Anthropology Minor Highlights

All faculty members have applied anthropologists, united by our flexible intellectual and practical approaches. We challenge epistemological boundaries by using mixed methods, relying on interdisciplinary or multifaceted approaches.
Two members of the UNT anthropology department are also on the steering committee of the Consortium of Practicing and Applied Anthropology Programs (COPAA).
The PADAWAN Society partners undergraduate majors with graduate mentors; the First Year Besties Initiative matches first-generation college students with ongoing anthropology majors to help them navigate UNT.

Anthropology Minor Courses You Could Take

Introduction to Anthropology (3 hrs)
Surveys and explains the cultural, linguistic and biological legacy of humankind, from antiquity to the present, using the research tools of anthropology. Anthropology is both a scientific and humanistic endeavor that attempts to explain the differences and similarities between and among human groups.
Anthropological Field Methods (3 hrs)
Concentrates on the field methods of anthropology, in particular the various data gathering techniques, methods of analysis and field techniques of participant observation.
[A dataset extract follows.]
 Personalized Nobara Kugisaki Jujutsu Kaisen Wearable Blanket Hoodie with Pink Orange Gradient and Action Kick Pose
World Cultures Through Film (3 hrs)
Through the use of ethnographic and documentary film, as well as lecture/discussion, this web-based course illustrates the life ways, values and beliefs of human societies throughout the world. This survey includes examples from native North America, Latin America, Australia, Southeast Asia, Africa, East Asia, Melanesia, Polynesia, modern North America and Europe.
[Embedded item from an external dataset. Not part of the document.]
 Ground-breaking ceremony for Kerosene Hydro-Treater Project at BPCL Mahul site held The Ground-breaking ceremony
Gender in Cross-Cultural Perspective (3 hrs)
The construction of both masculinity and femininity in cross-cultural contexts. Also central are the issues and debates important within the last three decades of feminist anthropology that speak to the questions posed by widespread gender asymmetry and yet the abundant cultural diversity in the expression of gender ideology, roles and relations worldwide.
Inequality, Social Justice and the City (3 hrs)
Historical and ethnographic examination of urban society and how people-centered movements might regain “rights to the city”. Focuses on local examples of urban social justice causes.
Culture and Society (3 hrs)
Cultural anthropology is the social science that tries to make sense out of people’s lifestyles around the world, encompassing many subjects such as law, religion, politics, health, language, economics and globalization. It involves analyzing human ways of life with holistic, comparative, global, and relativistic perspective.